According to the United Nations (UN), Yemen is on the “brink of famine” and is amidst the worst humanitarian crisis in the world today. The World Food Programme (2016) states that 17 million Yemeni people are estimated to be food insecure. Around 7.3 million of this group are believed to be in need of emergency food assistance. In a seven-month period during 2016, the number of people food insecure increased by 3 million.
The Emergency Food Security and Nutrition Assessment’s preliminary results indicate that nutrition conditions and food security are deteriorating rapidly. Over two million children are malnourished, which is a 63% rise in one year. The UN Security Council recently held discussions over concerns with Yemen. They stated that one child dies every 10 minutes from preventable causes.
The Republic of Yemen was established in 1990 by the unification of the People’s Democratic Republic of Yemen (South Yemen) and the Yemen Arab Republic (North Yemen). However, the unification failed to produce stability and end tensions, as was intended. Fractional infighting began then and continues to today between the Houthi rebels and a coalition of Persian Gulf states.
The ongoing conflict and political instability that permeates Yemen has ultimately reduced food security. The state has been engulfed with internal displacement, increasing food prices and significant damage to infrastructure. An embargo that was implemented by the Saudi Arabia-led coalition has pushed the economy to a near standstill. The coalition’s ordering of airstrikes has caused more than ten thousand civilian deaths and further ruined the state’s infrastructure.
The agricultural economy is causing significant concern. The state’s capital, Sana’a, has plummeting water reserves and is likely to completely run out of water soon.
Some suggest that The United States (US) should become more actively involved in the crisis. However, the US are not sure how they can help. They will not use military action, as the worsening condition for people around Yemen has been primarily caused by the war. The US does not want to cause further damage to the infrastructure or food shortages.

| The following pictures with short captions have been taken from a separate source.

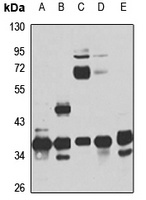 RPRD1B Antibody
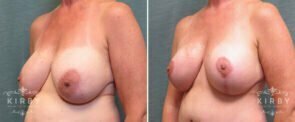 breast-implant-exchange-lift-166b-left-kirby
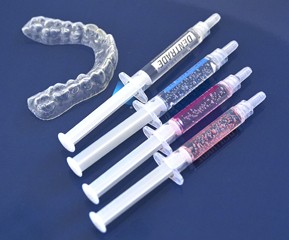 自然な白さを叶えるホワイトニングで明るい口元を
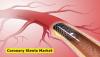 Photo for Coronary Stents Market Research Report, Popular Trends & Technological Advancements & Forecast To 2027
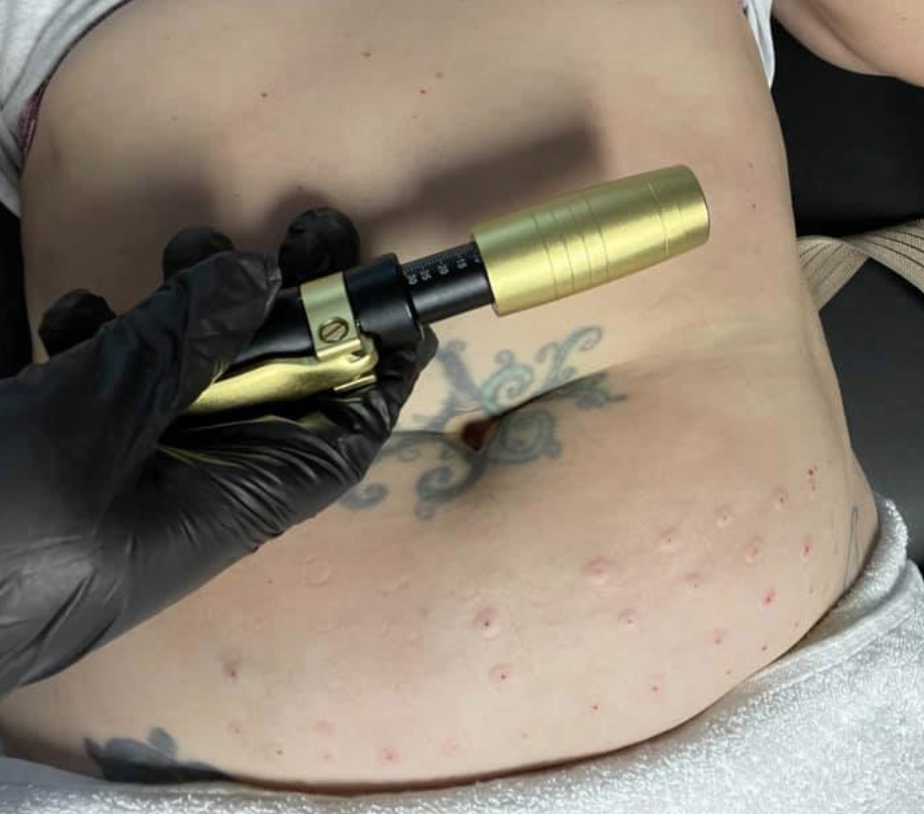 Mesotherapy Fat Dissolving 💉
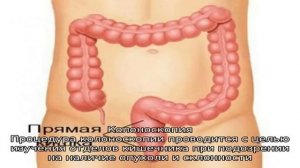 Тубулярная аденома толстой кишки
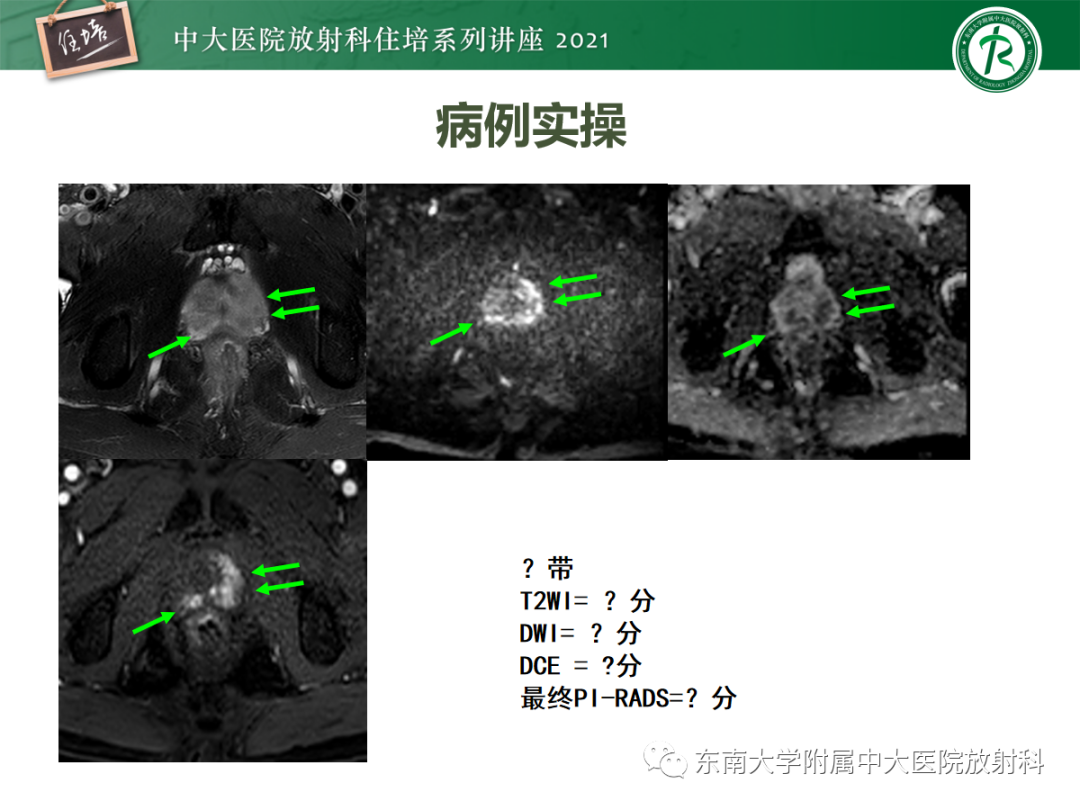 影像PPT - 【PPT】前列腺PI-RADS v2.1要点解读及临床应用-42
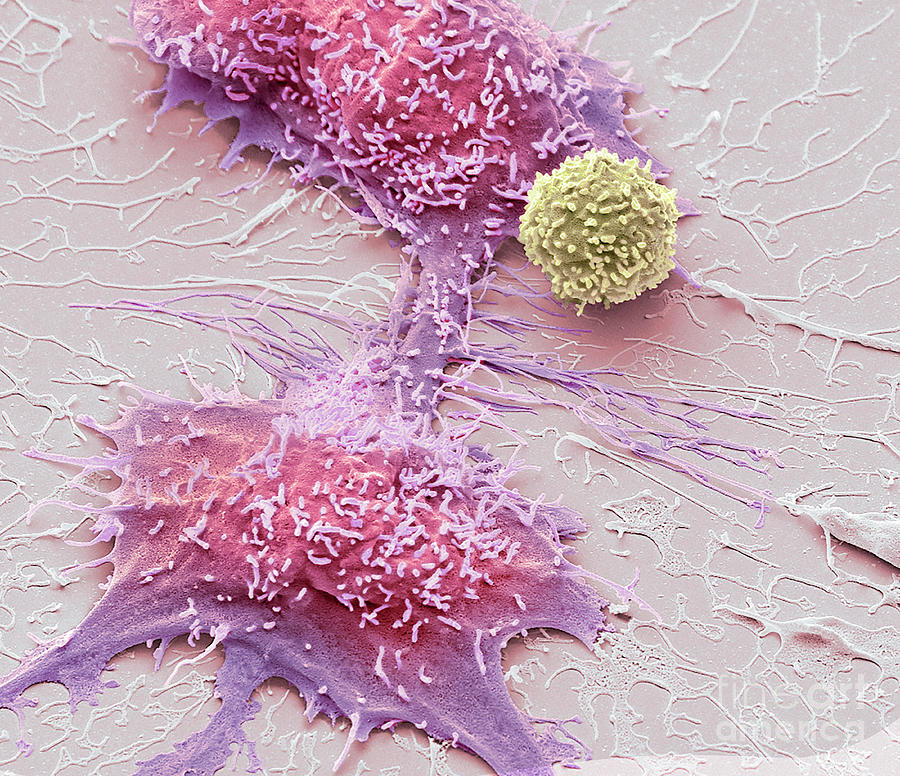 Natural Killer Cell And Cancer Cell Photograph By Steve Gschmeissnerscience Photo Library Pixels 0756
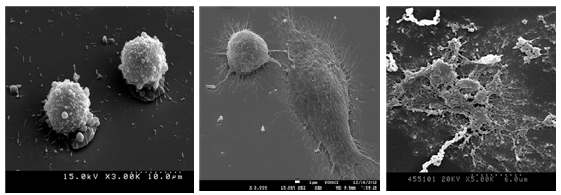 나노선 소자 상에 배양된 GH3 세포(좌), PC-12 cell line(중앙), NPC(우) 의 SEM 이미지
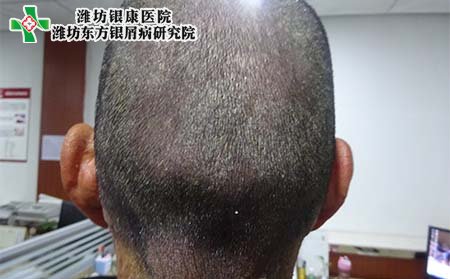 牛皮癬病因,頭部牛皮癬病因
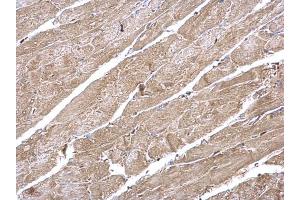 IHC-P Image CaMKII delta antibody detects CaMKII delta protein at cytoplasm on mouse heart by immunohistochemical analysis. (CAMK2D anticorps)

Financial aid has been used to great effect in helping with the food shortage. CARE international is a global confederation that continues to advocate for Yemen. Yemen is last on the UN’s development Index list ( a composite statistic measuring education, life expectancy and per capita income). The UN has asked for $2.07 billion in emergency relief for Yemen to help resolve the issue. So far $324.5 million has been given to Yemen from all around the world. The Australian government recently responded to these calls and pledged to donate ten million dollars. All in all, every dollar donated to Yemen is important in helping to alleviate the widespread hunger.